Led by Dee Dee, Dum Dum Girls churn out pop music that adheres to her self-proclaimed M.O.: “blissed-out buzz saw.” Dee Dee formed DDG in late 2008 as a solo project—the name a nod to both The Vaselines’ album, Dum-Dum, and the Iggy Pop song “Dum Dum Boys”— and released a home-recorded CDR on her label Zoo Music followed by a 7″ on HoZac and a 12″ EP on Captured Tracks.

When Dee Dee needed a band to take her songs out of the bedroom, she looked to her friends: Jules (guitar and vocals), Bambi (bass), and Frankie Rose (drums and vocals). When the other three met for the first time a week before CMJ 2009, it was an instant girl gang.

Dee Dee wrote and recorded the songs that became I Will Be over the first eight months of 2009, and she asked a few others to contribute. Yeah Yeah Yeahs guitarist Nick Zinner plays on “Yours Alone.” Crocodiles’ Brandon Welchez sings and plays guitar on the duet “Blank Girl.” And Los Angeles musician Andrew Miller contributes guitars to a number of tracks.

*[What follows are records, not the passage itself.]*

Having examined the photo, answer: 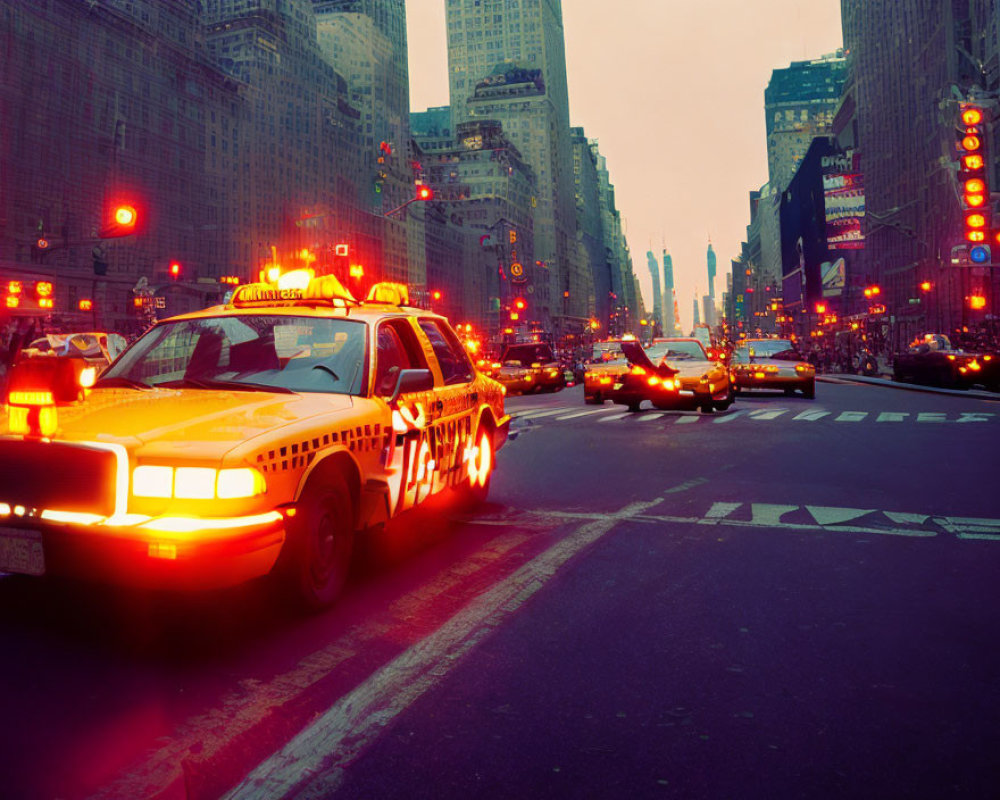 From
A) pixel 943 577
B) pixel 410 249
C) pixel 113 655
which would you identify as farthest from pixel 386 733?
pixel 410 249

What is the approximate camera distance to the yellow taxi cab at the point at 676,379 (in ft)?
58.5

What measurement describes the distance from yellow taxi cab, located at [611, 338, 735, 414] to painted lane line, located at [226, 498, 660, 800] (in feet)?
43.3

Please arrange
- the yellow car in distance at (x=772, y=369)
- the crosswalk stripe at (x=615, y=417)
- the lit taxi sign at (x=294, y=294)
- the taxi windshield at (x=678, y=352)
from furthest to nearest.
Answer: the yellow car in distance at (x=772, y=369) → the taxi windshield at (x=678, y=352) → the crosswalk stripe at (x=615, y=417) → the lit taxi sign at (x=294, y=294)

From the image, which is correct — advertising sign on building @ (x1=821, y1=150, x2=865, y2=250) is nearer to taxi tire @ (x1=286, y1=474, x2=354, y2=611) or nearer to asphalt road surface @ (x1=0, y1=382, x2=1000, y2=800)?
asphalt road surface @ (x1=0, y1=382, x2=1000, y2=800)

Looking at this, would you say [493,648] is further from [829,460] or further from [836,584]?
[829,460]

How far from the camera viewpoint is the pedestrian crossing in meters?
15.9

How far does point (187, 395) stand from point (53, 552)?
47.9 inches

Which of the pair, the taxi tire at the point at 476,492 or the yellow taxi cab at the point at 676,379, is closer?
the taxi tire at the point at 476,492

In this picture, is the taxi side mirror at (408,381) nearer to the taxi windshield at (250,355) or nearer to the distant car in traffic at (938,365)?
the taxi windshield at (250,355)

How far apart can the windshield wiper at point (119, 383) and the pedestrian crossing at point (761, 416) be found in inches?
467

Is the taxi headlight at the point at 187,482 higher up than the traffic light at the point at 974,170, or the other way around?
the traffic light at the point at 974,170

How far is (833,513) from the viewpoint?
719cm

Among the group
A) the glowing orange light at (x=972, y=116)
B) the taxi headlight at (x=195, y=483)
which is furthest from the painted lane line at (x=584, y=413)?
the glowing orange light at (x=972, y=116)

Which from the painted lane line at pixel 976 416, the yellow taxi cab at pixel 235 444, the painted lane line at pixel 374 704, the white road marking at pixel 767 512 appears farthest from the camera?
the painted lane line at pixel 976 416
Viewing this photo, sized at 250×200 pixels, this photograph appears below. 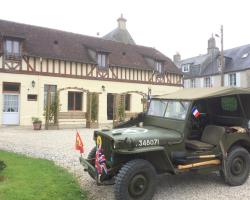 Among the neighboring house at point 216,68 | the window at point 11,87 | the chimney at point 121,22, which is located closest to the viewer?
the window at point 11,87

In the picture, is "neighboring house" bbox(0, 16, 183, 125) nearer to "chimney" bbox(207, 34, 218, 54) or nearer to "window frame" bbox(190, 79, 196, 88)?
"window frame" bbox(190, 79, 196, 88)

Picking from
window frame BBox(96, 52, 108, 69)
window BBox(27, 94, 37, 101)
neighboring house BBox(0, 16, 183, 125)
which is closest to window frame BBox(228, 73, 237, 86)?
neighboring house BBox(0, 16, 183, 125)

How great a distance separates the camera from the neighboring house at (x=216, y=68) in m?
28.3

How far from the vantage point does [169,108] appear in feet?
19.4

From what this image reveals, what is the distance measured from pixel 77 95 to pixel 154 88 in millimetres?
6410

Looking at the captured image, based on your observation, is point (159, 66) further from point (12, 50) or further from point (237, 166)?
point (237, 166)

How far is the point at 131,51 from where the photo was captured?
2400 centimetres

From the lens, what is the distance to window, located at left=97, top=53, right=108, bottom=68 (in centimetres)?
2084

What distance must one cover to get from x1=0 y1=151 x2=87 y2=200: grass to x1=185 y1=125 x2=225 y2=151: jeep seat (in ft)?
6.90

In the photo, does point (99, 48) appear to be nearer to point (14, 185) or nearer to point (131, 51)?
point (131, 51)

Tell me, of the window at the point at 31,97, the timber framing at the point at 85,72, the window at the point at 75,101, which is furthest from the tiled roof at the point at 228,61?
the window at the point at 31,97

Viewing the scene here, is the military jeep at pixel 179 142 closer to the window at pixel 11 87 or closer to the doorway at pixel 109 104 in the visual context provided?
the window at pixel 11 87

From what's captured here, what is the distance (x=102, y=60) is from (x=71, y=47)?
2.26m

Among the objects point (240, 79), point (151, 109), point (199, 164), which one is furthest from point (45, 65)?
point (240, 79) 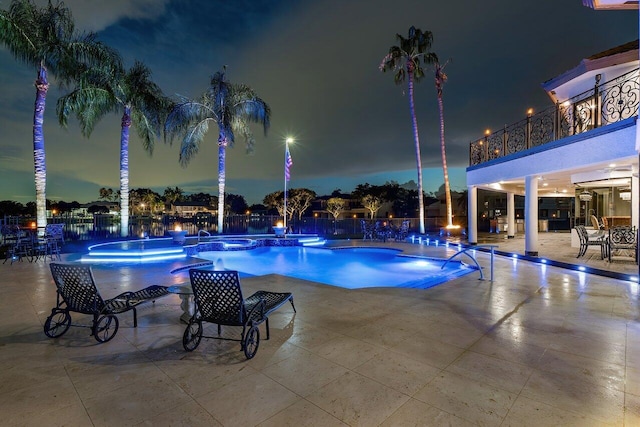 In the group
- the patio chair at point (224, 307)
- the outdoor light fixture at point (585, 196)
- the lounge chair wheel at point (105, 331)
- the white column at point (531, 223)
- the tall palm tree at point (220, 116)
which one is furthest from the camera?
the tall palm tree at point (220, 116)

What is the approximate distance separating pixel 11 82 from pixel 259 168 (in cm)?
2494

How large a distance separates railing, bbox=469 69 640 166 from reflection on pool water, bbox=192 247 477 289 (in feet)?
18.5

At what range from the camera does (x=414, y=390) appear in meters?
2.64

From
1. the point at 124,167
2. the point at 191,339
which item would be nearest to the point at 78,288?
the point at 191,339

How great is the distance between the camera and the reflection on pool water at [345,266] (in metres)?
9.16

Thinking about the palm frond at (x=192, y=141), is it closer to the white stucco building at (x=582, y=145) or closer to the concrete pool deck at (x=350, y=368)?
the concrete pool deck at (x=350, y=368)

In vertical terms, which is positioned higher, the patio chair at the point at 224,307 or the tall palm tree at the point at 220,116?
the tall palm tree at the point at 220,116

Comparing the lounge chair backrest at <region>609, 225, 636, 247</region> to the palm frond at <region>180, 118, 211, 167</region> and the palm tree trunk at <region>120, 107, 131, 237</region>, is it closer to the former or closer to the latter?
the palm frond at <region>180, 118, 211, 167</region>

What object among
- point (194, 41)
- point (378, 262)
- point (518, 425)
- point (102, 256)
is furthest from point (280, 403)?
point (194, 41)

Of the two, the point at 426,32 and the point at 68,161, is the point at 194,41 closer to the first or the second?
the point at 426,32

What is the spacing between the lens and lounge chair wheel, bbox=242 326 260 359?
3.26 metres

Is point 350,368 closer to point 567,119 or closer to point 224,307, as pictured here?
point 224,307

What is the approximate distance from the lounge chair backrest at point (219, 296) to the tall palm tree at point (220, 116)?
16.5 metres

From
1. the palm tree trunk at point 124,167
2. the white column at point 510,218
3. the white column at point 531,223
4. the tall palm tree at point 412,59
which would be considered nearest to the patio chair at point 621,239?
the white column at point 531,223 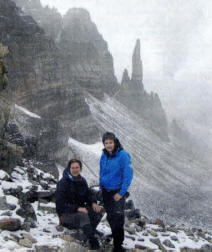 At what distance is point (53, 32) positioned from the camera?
146 meters

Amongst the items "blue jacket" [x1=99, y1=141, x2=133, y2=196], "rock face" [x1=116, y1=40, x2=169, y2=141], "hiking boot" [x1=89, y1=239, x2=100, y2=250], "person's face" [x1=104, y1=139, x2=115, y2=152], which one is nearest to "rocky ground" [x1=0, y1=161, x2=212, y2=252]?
"hiking boot" [x1=89, y1=239, x2=100, y2=250]

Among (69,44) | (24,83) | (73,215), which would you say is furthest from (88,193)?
(69,44)

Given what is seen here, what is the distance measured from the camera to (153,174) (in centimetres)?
9300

When it came time to choose someone to gently finesse I Will Be, the name Richard Gottehrer came up on Dee Dee’s wish list. Responsible for writing such seminal songs as “My Boyfriend’s Back,” and “I Want Candy,” he also produced his own short-lived band The Strangeloves, as well as The Voidoids, Blondie, The Go-Gos, and more recently, The Raveonettes. Marvels Dee Dee, “I gave him all the rough tracks and he produced them, as I had a lot of digital effects acting as sort of placeholders. I’m not exactly sure what he did, but it’s a world of difference. The songs sound warm, and they kind of sparkle.”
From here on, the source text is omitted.